Uwolnione budżety zaczynają procentować. Inwestycja w dodatkowe kadry, nowe centrum logistyczne, kolejną siedzibę, biuro projektowe w Warszawie oraz ekspansję na kolejne rynki zadziałało. LPP w I półroczu zwiększa przychody o 15%.
Jeszcze niespełna rok temu Reserved cierpiało na stagnację w sprzedaży, która była skutkiem nietrafionych kolekcji, mocno zatowarowanych sklepów i przesunięciu projektantów do pracy na rzecz Tallinder. Szybka reakcja firmy spowodowała, że pierwsze półrocze 2017 roku wypadło w LPP zdecydowanie korzystniej. Sprzedaż wzrosła do 3 mld zł, a firma wypracowała zysk netto 56 ml zł, czyli dwukrotnie wyższy niż w analogicznym okresie roku poprzedniego. Mają w tym udział wyniki osiągnięte przez LPP w drugim kwartale 2017 roku. Znacząco wzrosła marża brutto – o ponad 6,5 p.p – plasując się na poziomie prawie 57% r/r.
Mniej znaczy więcej
Wyższa marża jest efektem wyczyszczenia sklepów z zalegającego towaru i wyeksponowanie już nowych kolekcji stworzonych przez zespoły projektowe, również ten warszawski, na którego czele stanęła Ania Sołtys. Przypominamy, że wiosną tego roku Reserved doczekało się siedziby w stolicy przy ulicy Chmielnej. Wystarczyło kilka miesięcy, aby spółka zobaczyła efekty podjętych decyzji. Marża w minionym półroczu była najwyższa od kilku kwartałów i sięgnęła 57%.
To zasługa dobrze zaprojektowanej kolekcji, zwłaszcza przychylne przyjęcie przez klientów oferty wiosenno-letniej Reserved i Mohito. Ale cieszy mnie również widoczny efekt zmian w naszej polityce zarządzania towarem.
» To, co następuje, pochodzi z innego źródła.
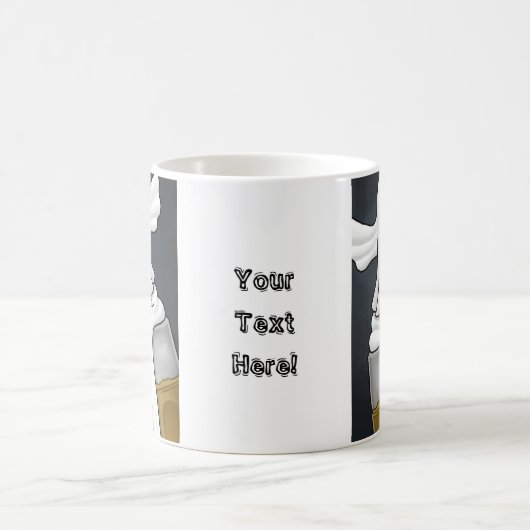 Spooky Haunting White Ghost Kaffeetasse (Mittel)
Celem jest maksymalizacja marży w miesiącach sprzedaży nowych kolekcji i jednoczesna ich niemal całkowita wyprzedaż w salonach. W ten sposób unikamy kosztów zwrotu i transportu do magazynu posezonowego – wyjaśnia Przemysław Lutkiewicz, wiceprezes zarządu i dyrektor finansowy LPP.
LPP szyje coraz więcej w Polsce
LPP goni Inditex i przybliża produkcję ku Europie. W planach jest produkcja 5 milionów sztuk odzieży uszytej w Polsce, co stanowi 6% całościowej produkcji LPP. W całej Europie spółka zamierza podwoić tę liczbę do 12%. Oznacza to skrócenie czasu produkcji i szybsze dostarczanie kolekcji do sklepów oraz zmniejszenie eksportu z Chin o tę liczbę. Z biegiem czasu te procenty mają się zwiększać.
LPP w I półroczu tego roku wygenerowało znaczny zysk netto na poziomie 56,6 mln złotych, co stanowi wzrost na poziomie 132% w porównaniu z okresem analogicznym. Wygenerowana gotówka przyda się na planowane inwestycje, a tych w najbliższym okresie nie zabraknie. LPP podpisało umowę z firmą Arvato, która ma obsługiwać logistykę e-commerce 4 marek: Reserved, House, Mohito i Sinsay. Aby podołać wysokiej dynamice rozwoju, LPP planuje utworzenie kolejnego centrum logistycznego i rozpoczęło rozbudowę swojej siedziby w Gdańsku. Na obie inwestycje firma przeznaczy łącznie 390 mln zł.
Większa ekspansja zagranicę
Dodatkowo możemy spodziewać się kolejnych salonów marek LPP w krajach Europy Zachodniej i nie tylko. W poprzednim kwartale marki należące do Grupy zadebiutowały w Berlinie (Reserved) oraz Mińsku (Reserved, Cropp i House). Sklepy on-line wszystkich 5 marek są już dostępne od kwietnia na Litwie, Łotwie i w Estonii. Łącznie LPP ma już 45 e-sklepów. Już we wrześniu Londyn stanie się kolejną europejska stolicą, gdzie działać będzie Reserved.
LPP zwiększa też zatrudnienie: w biurach projektowych, centrach logistycznych i w siedzibie głównej.
Wysokie wzrosty spółka zanotowała również w segmencie e-commerce – w pierwszych 6 miesiącach 2017 podwoiła wartość sprzedaży, która wyniosła 140 mln zł. Co istotne, w drugim kwartale 2017 wpływy ze sprzedaży internetowej stanowiły już 7% przychodów z Polski i 5% w całej Grupie.
Wynik osiągnięty przez sklepy internetowe to efekt znaczących inwestycji w segmencie e-commerce prowadzonych przez firmę: rozwoju stosowanych przez nas rozwiązań technologicznych, jak i rozbudowy sieci e-sklepów poza naszym krajem – dodaje prezes Lutkiewicz.
Wygląda na to, że to dopiero początek dobrej zmiany w LPP. Z początkiem tego tygodnia rozpoczęła się kampania marki Reserved z Kate Moss w roli głównej, którą możemy oglądać na ulicach Londynu, w metrze i na słynnych czerwonych autobusach. Reserved bez dwóch zdań stanowi konkurencję przede wszystkim dla Top Shop i innych sieciówek. Czy Polacy zdobędą serca Anglików?